- _What the task requires_
Write the records out again exactly, leaving no images in.
+ + + + +
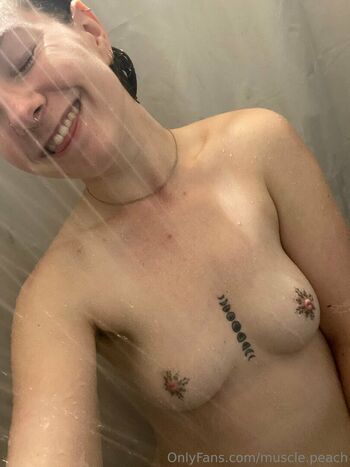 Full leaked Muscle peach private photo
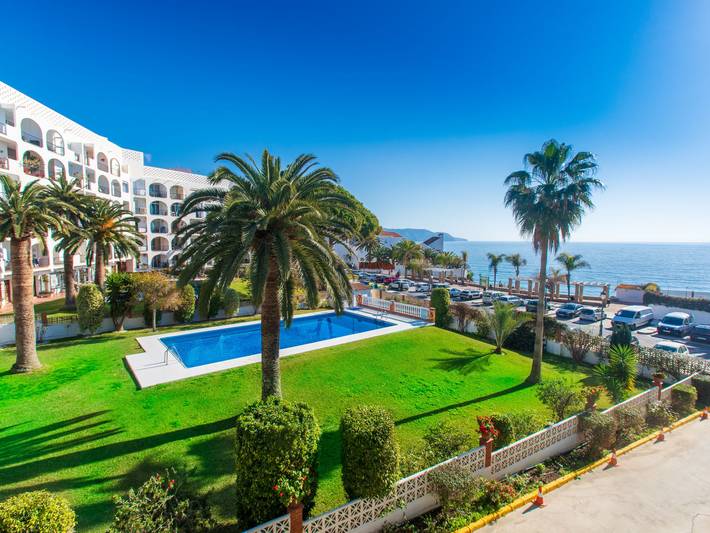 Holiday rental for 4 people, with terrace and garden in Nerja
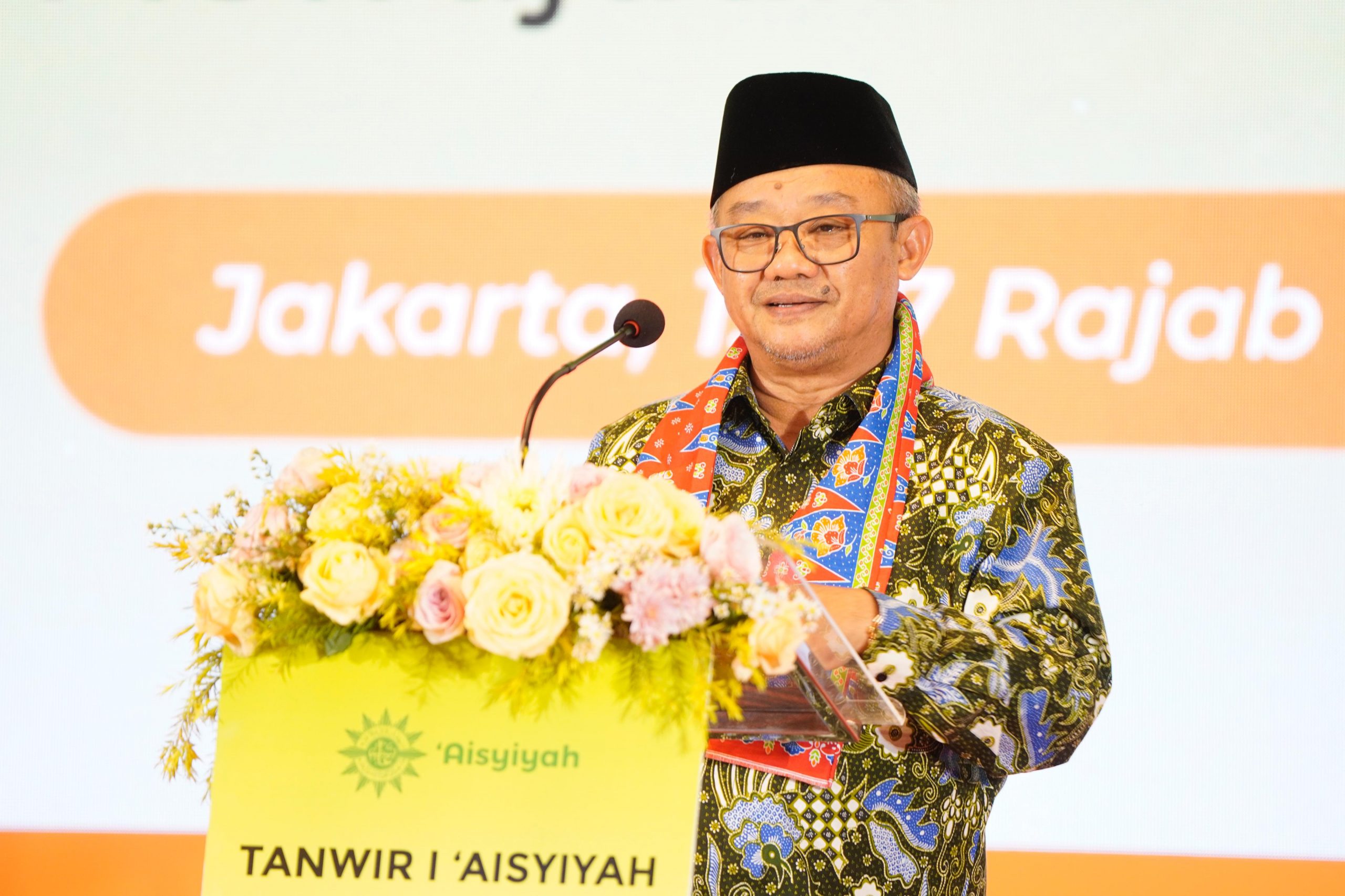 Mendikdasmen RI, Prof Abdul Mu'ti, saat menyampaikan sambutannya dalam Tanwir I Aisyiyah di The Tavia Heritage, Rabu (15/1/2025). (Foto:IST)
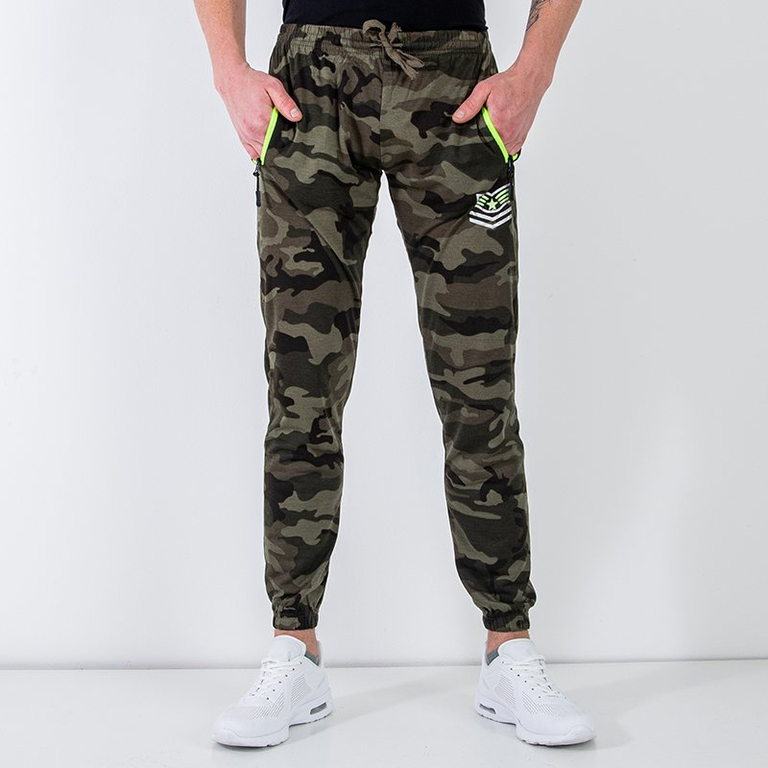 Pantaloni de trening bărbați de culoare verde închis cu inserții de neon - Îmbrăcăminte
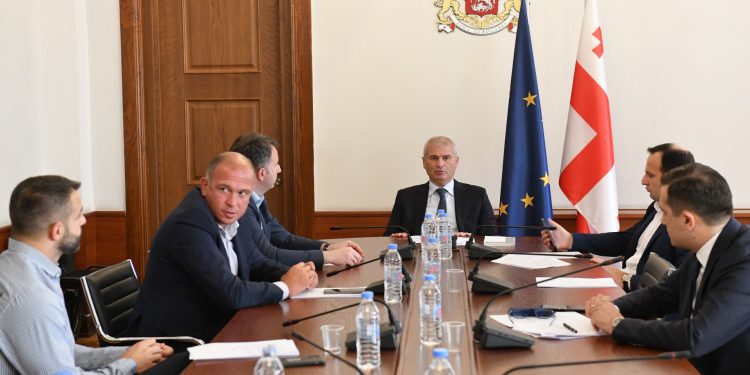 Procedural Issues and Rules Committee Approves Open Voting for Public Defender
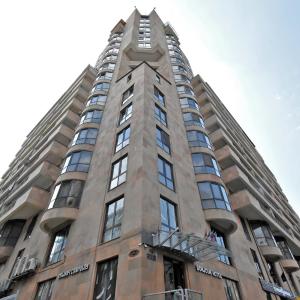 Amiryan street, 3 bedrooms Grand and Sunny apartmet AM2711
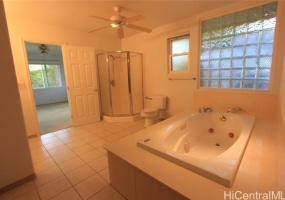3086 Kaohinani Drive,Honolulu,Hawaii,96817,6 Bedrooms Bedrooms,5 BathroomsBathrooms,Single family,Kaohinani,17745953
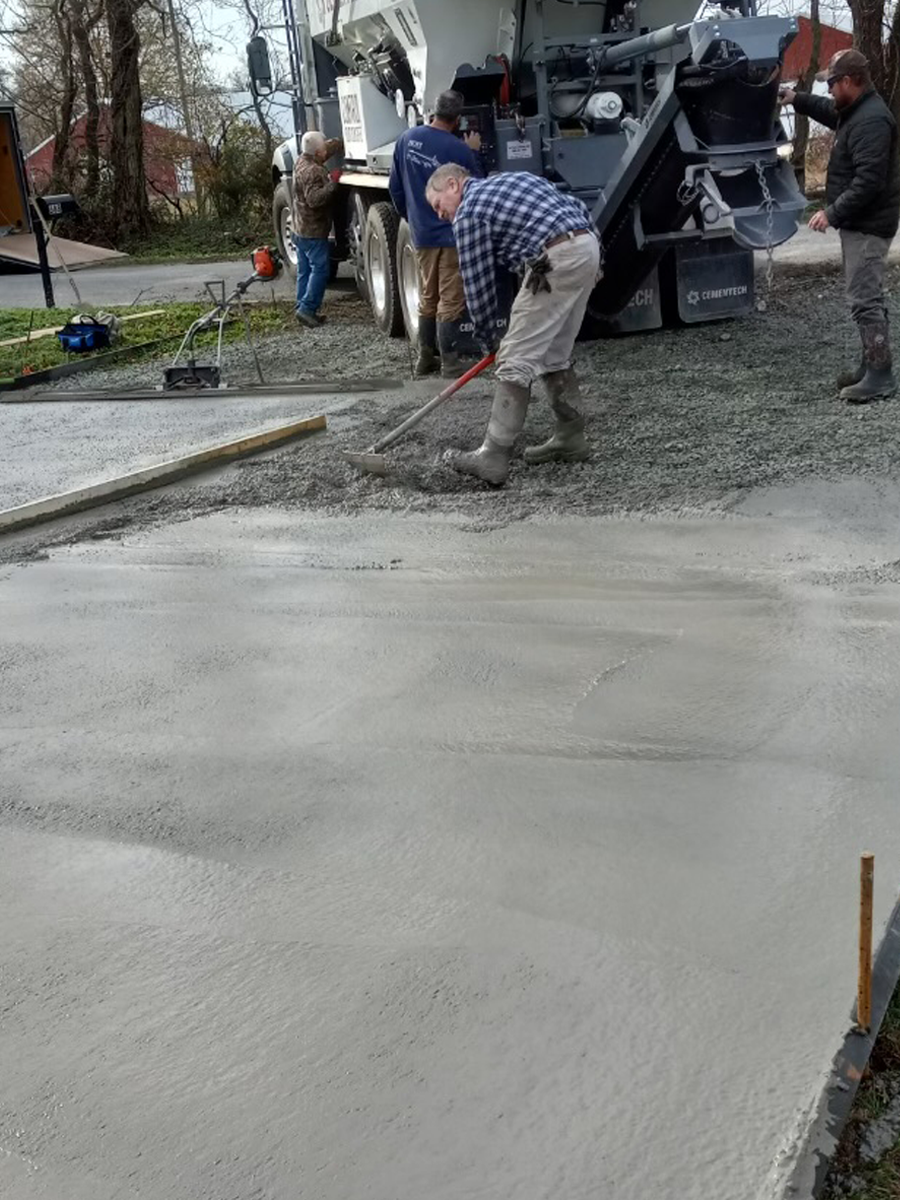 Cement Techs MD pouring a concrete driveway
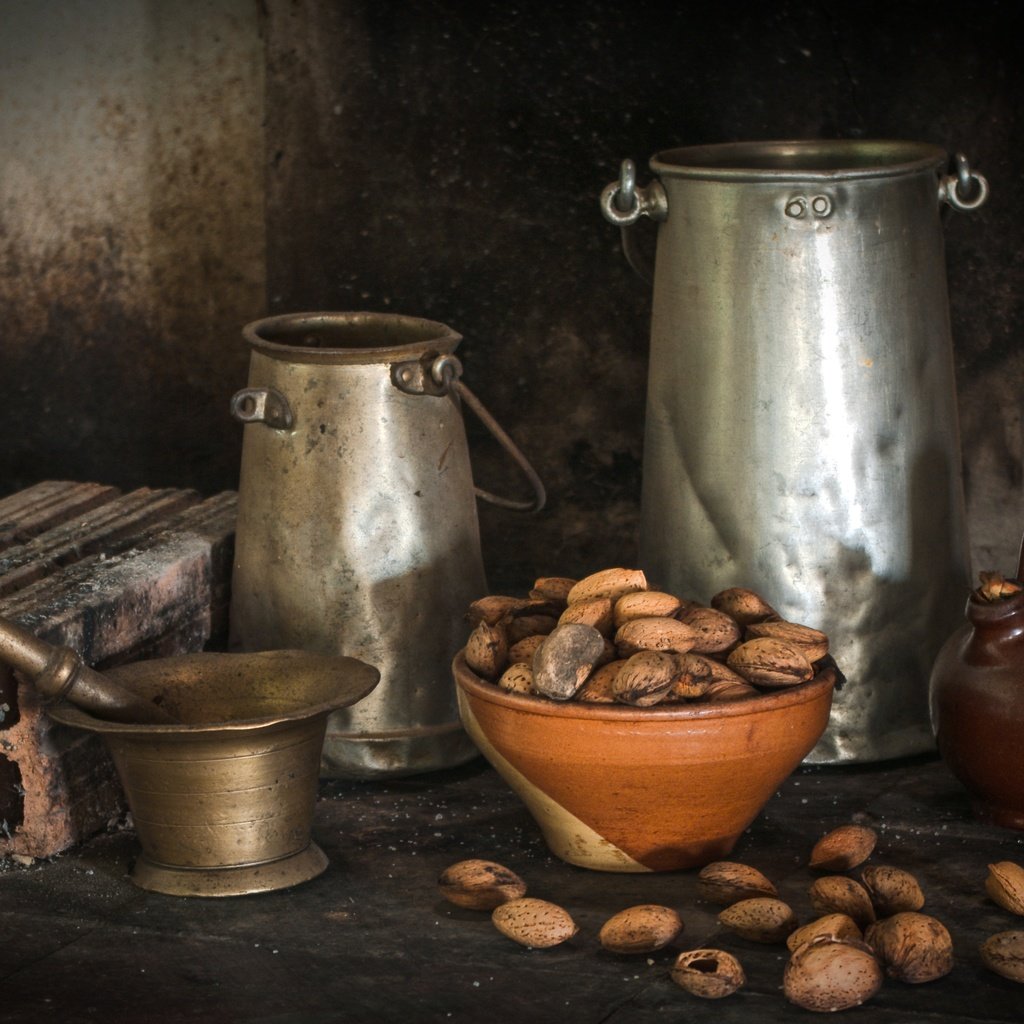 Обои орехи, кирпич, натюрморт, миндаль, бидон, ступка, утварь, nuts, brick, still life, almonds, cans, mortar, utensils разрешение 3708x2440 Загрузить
+ + + + +
- _Response below_
 Full leaked Muscle peach private photo
 Holiday rental for 4 people, with terrace and garden in Nerja
 Mendikdasmen RI, Prof Abdul Mu'ti, saat menyampaikan sambutannya dalam Tanwir I Aisyiyah di The Tavia Heritage, Rabu (15/1/2025). (Foto:IST)
 Pantaloni de trening bărbați de culoare verde închis cu inserții de neon - Îmbrăcăminte
 Procedural Issues and Rules Committee Approves Open Voting for Public Defender
 Amiryan street, 3 bedrooms Grand and Sunny apartmet AM2711
3086 Kaohinani Drive,Honolulu,Hawaii,96817,6 Bedrooms Bedrooms,5 BathroomsBathrooms,Single family,Kaohinani,17745953
 Cement Techs MD pouring a concrete driveway
 Обои орехи, кирпич, натюрморт, миндаль, бидон, ступка, утварь, nuts, brick, still life, almonds, cans, mortar, utensils разрешение 3708x2440 Загрузить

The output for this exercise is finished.